Notice how the transparency of each data point reflects the tracking confidence, as a qualitative way of assessing outliers. We’ll take apart the different settings for the plot_filter_graphs() function here, and then describe how we can optimize these settings to design an optimal filter for our data.

  1. the csv_or_path variable refers to the path to the CSV you wish to track. Here, we’re looking at a trajectory for a manual stimulation in our sample dataset.
  2. the p_cutoff variable refers to the confidence level at which you want to replace the data with interpolation. In other words, you might want to replace outlier points that were mistracked with interpolation between more confident points. Setting a p_cutoff of 0.1 replaces all the points that the model was <10% confident about with interpolation.
  3. The reference_distance variable refers to the real-world distance between your two reference points. Our points in this example CSV were the top and bottom of a chamber (which we measured to be 40mm), so this value is set to 40. This distance will be used to adaptively calculate a scale factor for each video and scale your data appropriately, regardless of whether the camera you used was at different distances in different videos.
  4. The manual_scale_factor variable can be used if you don’t wish to use reference objects to adaptively calculate scale factors. This is usually the case when you are certain your camera is always at the same distance away from your target, so you can enter a millimeter/pixel scale factor to be used for every single one of your videos.

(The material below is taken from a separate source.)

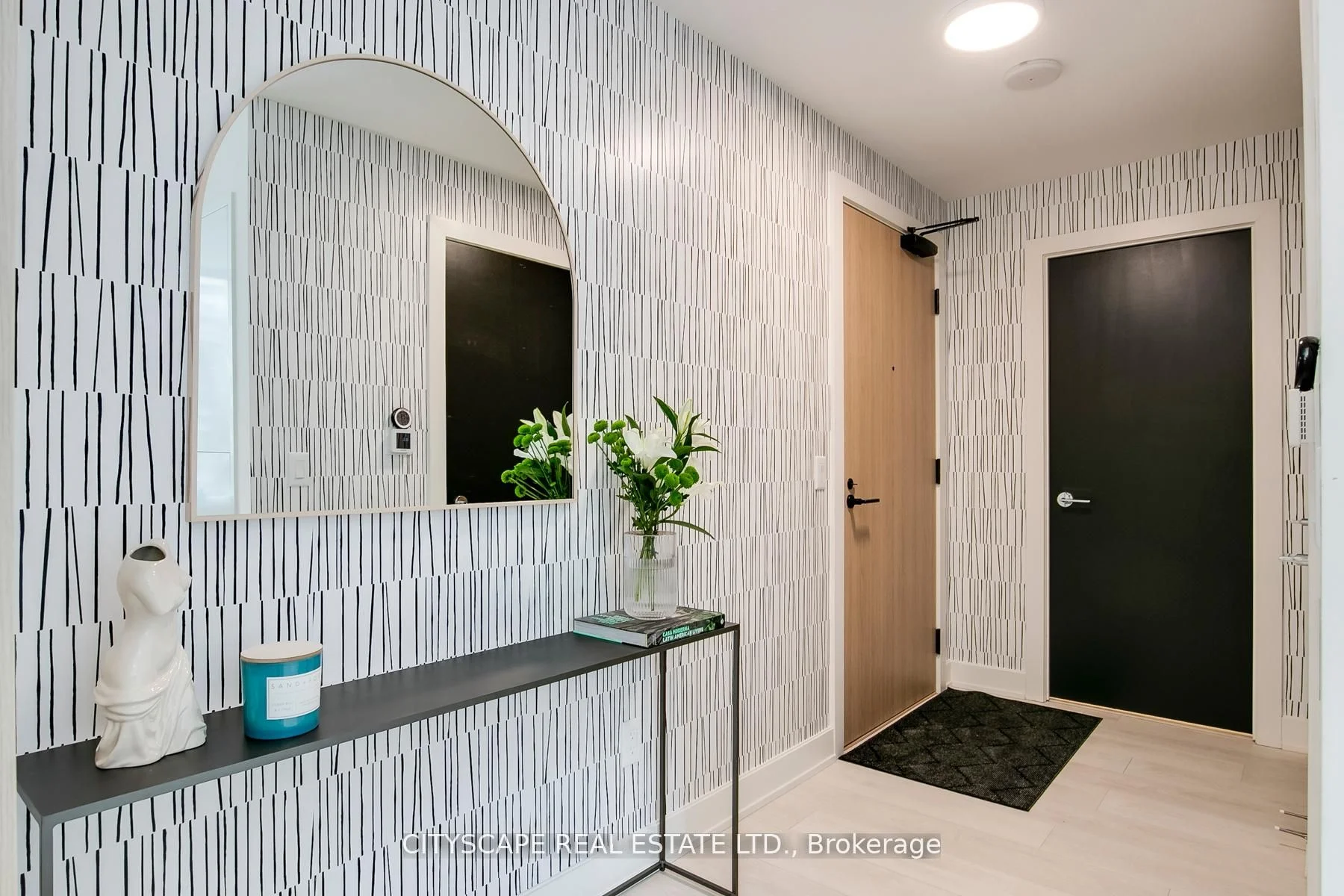 15 Mercer Street 708, Toronto C01, On M5v 0t8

Keep in mind that setting a manual_scale_factor will override the reference_distance and adaptive calculations — the code will use your manual_scale_factor to scale all of your videos to scale them to millimeters.
  5. The fps variable can be used to set the number of frames per second in your video to set a timescale for behavior. Here, we use 2000 fps. 6-8) The savgol_window_length, median_window_length, and average_window_length variables define the degree of smoothing (using either a Savitzky-Golay filter, a rolling median filter, or a rolling average filter) you wish to apply to the trajectory data. As a default, these values are set to 25, but you can increase or decrease the window of data-points each filter will use to apply smoothing. Generally, a higher window length results in increased smoothing, but be sure that by applying too high a level of smoothing, you are not suppressing any subtle behaviors. 9-10) For body_part, indicate whether you wish to show trajectories for the “toe,” the “center,” or the “heel.” For axis, indicate whether you wish to show trajectories for the given body part using the “x” axis or the “y” axis.

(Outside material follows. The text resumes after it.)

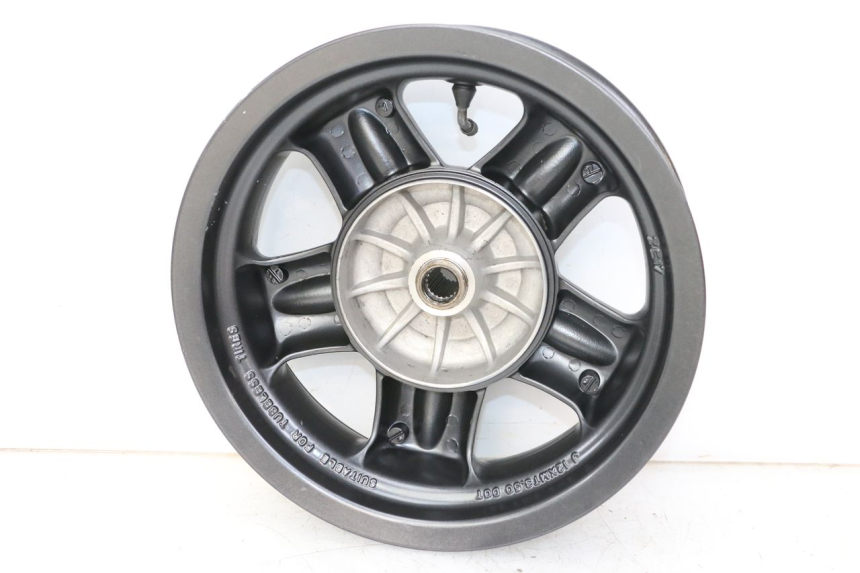 photo de LLANTA TRASERA YAMAHA YP MAJESTY 125 (2007 - 2010) - Primer plano técnico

Next, we’ll look at how we can alter these parameters to optimize the levels of smoothing. The following code chunk plots trajectories from a mouse in the ARM group:

plot_filter_graphs(csv_or_path = lp_arm_stim,
                   p_cutoff = 0,
                   reference_distance = 40,
                   manual_scale_factor = NA,
                   fps = 2000,
                   savgol_window_length = 11,
                   median_window_length = 11,
                   average_window_length = 11,
                   fixed_baseline = 1,
                   y_threshold = 0.1,
                   body_part = "center",
                   axis = "y")
#> Warning: Removed 10 rows containing missing values or values outside the scale range
#> (`geom_point()`).

With more complicated trajectories (as the one we’re seeing above for the example ARM CSV), certain smoothing filters tend to work better than others. We’ve found that the rolling average filter (figure D above) tends to be the most robust. In this subplot, we see a very smooth trajectory (using filter windows of 11), but notice how it slightly reduces the maximum peak of the filter. Setting a higher filter window will dampen these peaks even further, so using this function is a helpful pre-processing step to optimize smoothing for a given video.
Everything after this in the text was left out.